● **Work task**: Below are records with pictures in them. Transcribe everything from the line containing "this 1000×562 image." down to the line containing "this 434×320 image.", exactly, and leave the pictures behind.

Records for this exercise Block Start

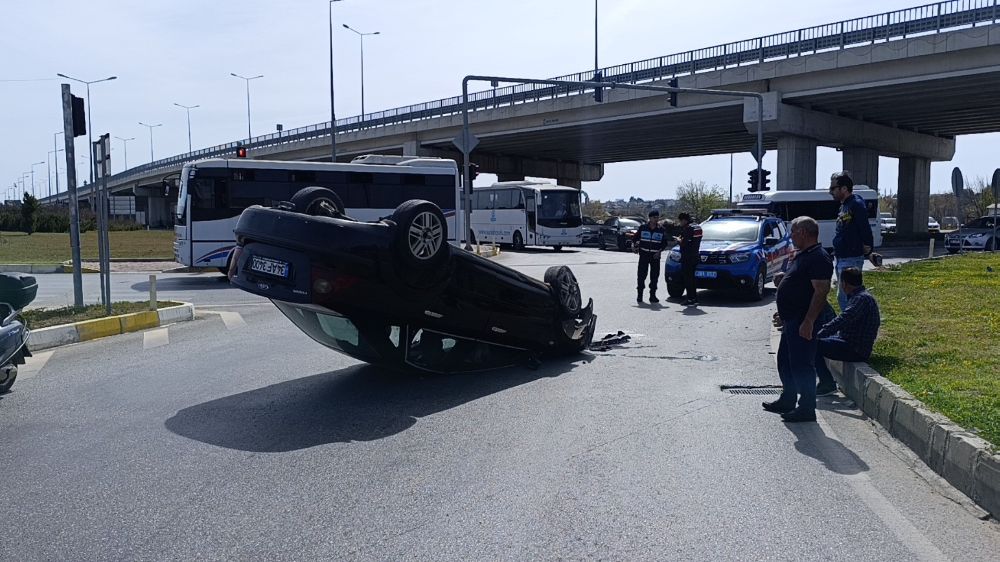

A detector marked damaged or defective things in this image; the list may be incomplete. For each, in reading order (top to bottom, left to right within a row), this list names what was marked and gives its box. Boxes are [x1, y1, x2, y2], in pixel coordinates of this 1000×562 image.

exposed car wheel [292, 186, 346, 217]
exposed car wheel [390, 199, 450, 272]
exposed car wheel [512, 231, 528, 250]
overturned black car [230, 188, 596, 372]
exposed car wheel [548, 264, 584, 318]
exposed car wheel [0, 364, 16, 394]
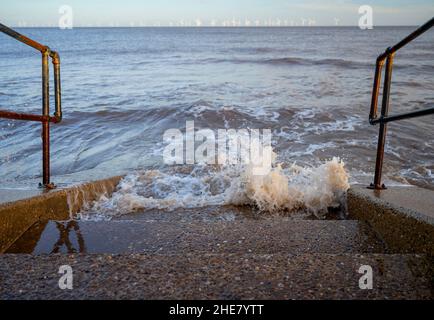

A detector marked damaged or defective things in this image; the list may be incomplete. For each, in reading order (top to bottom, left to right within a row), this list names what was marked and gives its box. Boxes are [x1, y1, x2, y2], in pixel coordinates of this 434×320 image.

Records for this exercise Block End
Records for this exercise Block Start

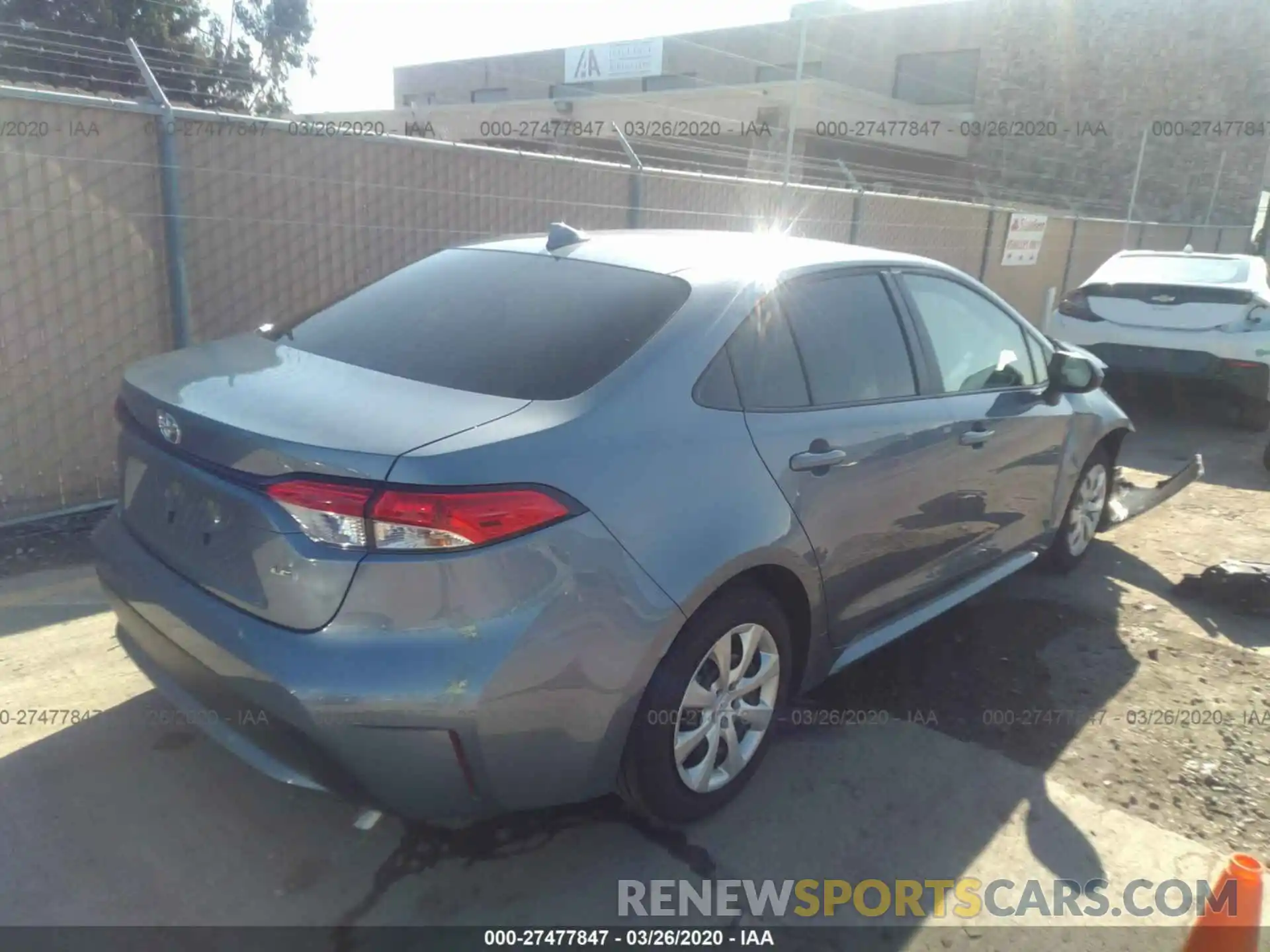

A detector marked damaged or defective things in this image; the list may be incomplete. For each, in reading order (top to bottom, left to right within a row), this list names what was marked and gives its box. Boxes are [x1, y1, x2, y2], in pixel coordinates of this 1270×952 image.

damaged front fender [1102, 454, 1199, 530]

Records for this exercise Block End

● **Answer for this exercise**:
A detector marked damaged or defective things in this image; the list may be incomplete. For each, in reading order (top to bottom, left to right within a row), this list names what was marked and gives its box. Boxes are [x1, y1, x2, y2], in pixel coordinates of this 1000×562 image.

exposed car wheel [292, 186, 346, 217]
exposed car wheel [390, 199, 450, 272]
exposed car wheel [512, 231, 528, 250]
overturned black car [230, 188, 596, 372]
exposed car wheel [548, 264, 584, 318]
exposed car wheel [0, 364, 16, 394]

A detector marked damaged or defective things in this image; the list may be incomplete. For each, in reading order (top to bottom, left to right within a row), this list names what was marked and gives its box. Boxes are [x1, y1, x2, y2], in pixel coordinates of this 434×320 image.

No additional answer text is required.